* GOAL OF THE EXERCISE *
For this exercise, reproduce each entry below exactly, excluding pictures.

Image-caption web data
☆ ☆ ☆ ☆ ☆ ☆ ☆

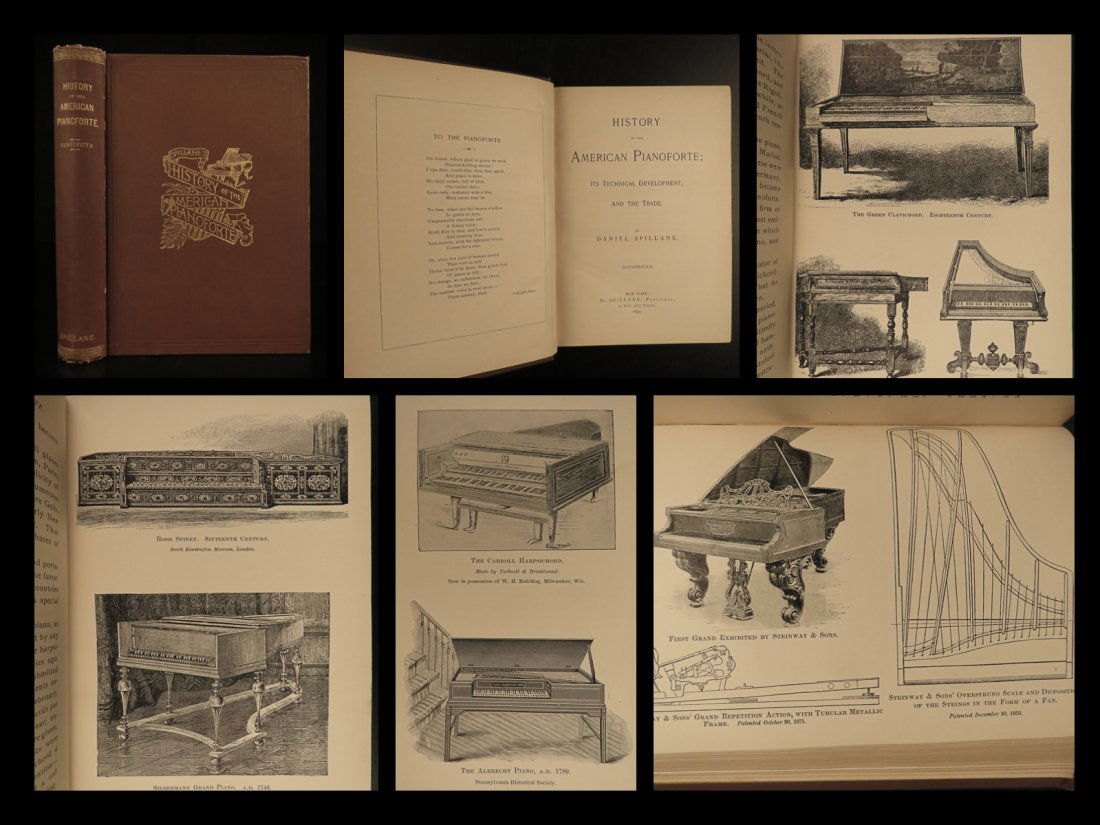 1890 PIANO 1ed History of American Pianoforte Music (1 of 10)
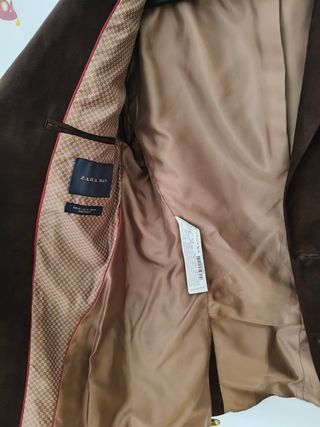 Americana marrón Zara M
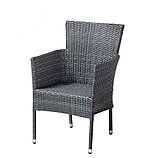 Кресло-стул плетенный из ротанга с подушками (коричневый), фото 2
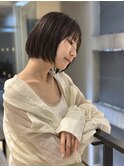 モードヘアミディアム×美髪【髪質改善/縮毛矯正】
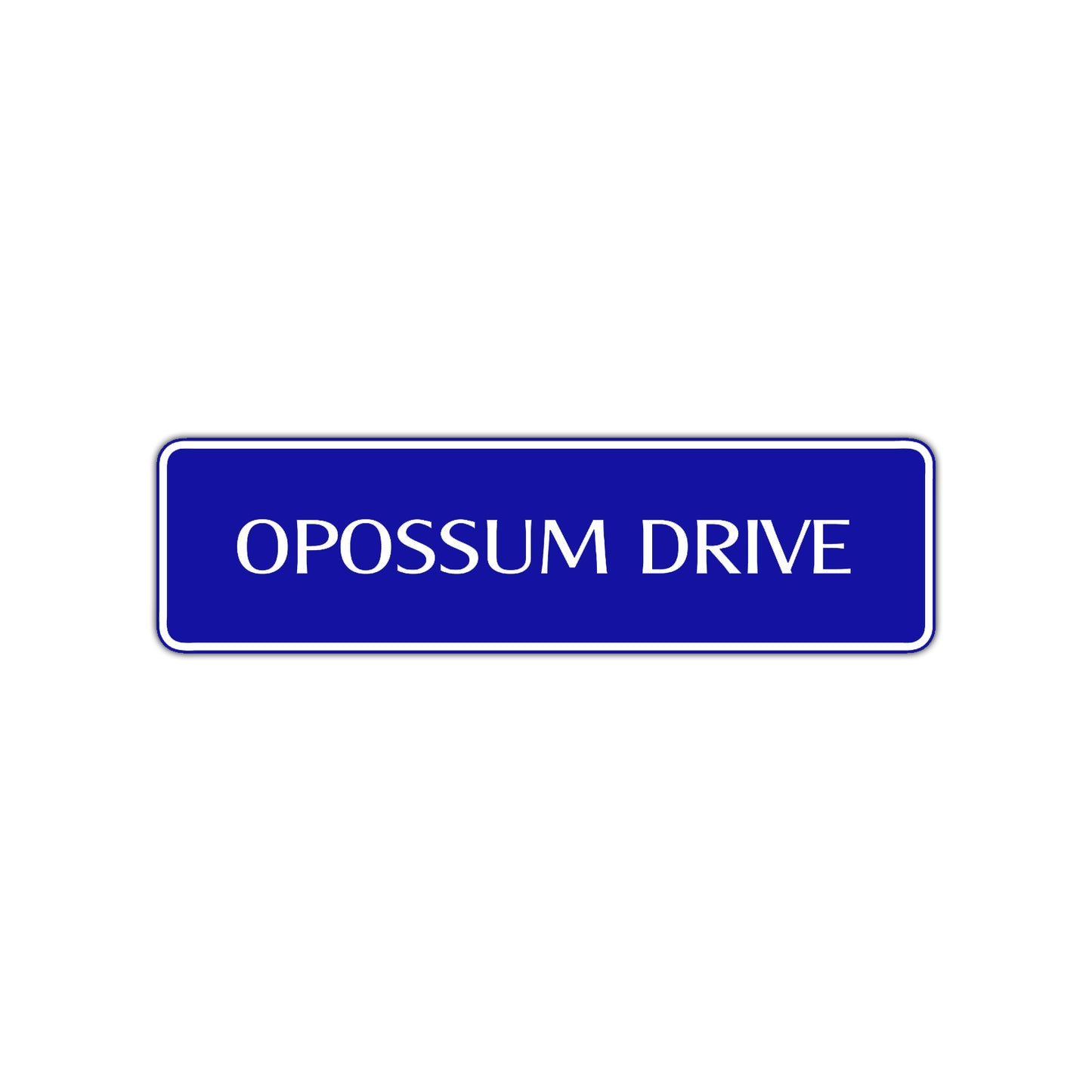 Opossum Drive Animal Road Aluminum Metal Novelty Street Plate Sign Wall Gift Decor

☆ ☆ ☆ ☆ ☆ ☆ ☆

* RESPONSE TO THIS EXERCISE *
 1890 PIANO 1ed History of American Pianoforte Music (1 of 10)
 Americana marrón Zara M
 Кресло-стул плетенный из ротанга с подушками (коричневый), фото 2
 モードヘアミディアム×美髪【髪質改善/縮毛矯正】
 Opossum Drive Animal Road Aluminum Metal Novelty Street Plate Sign Wall Gift Decor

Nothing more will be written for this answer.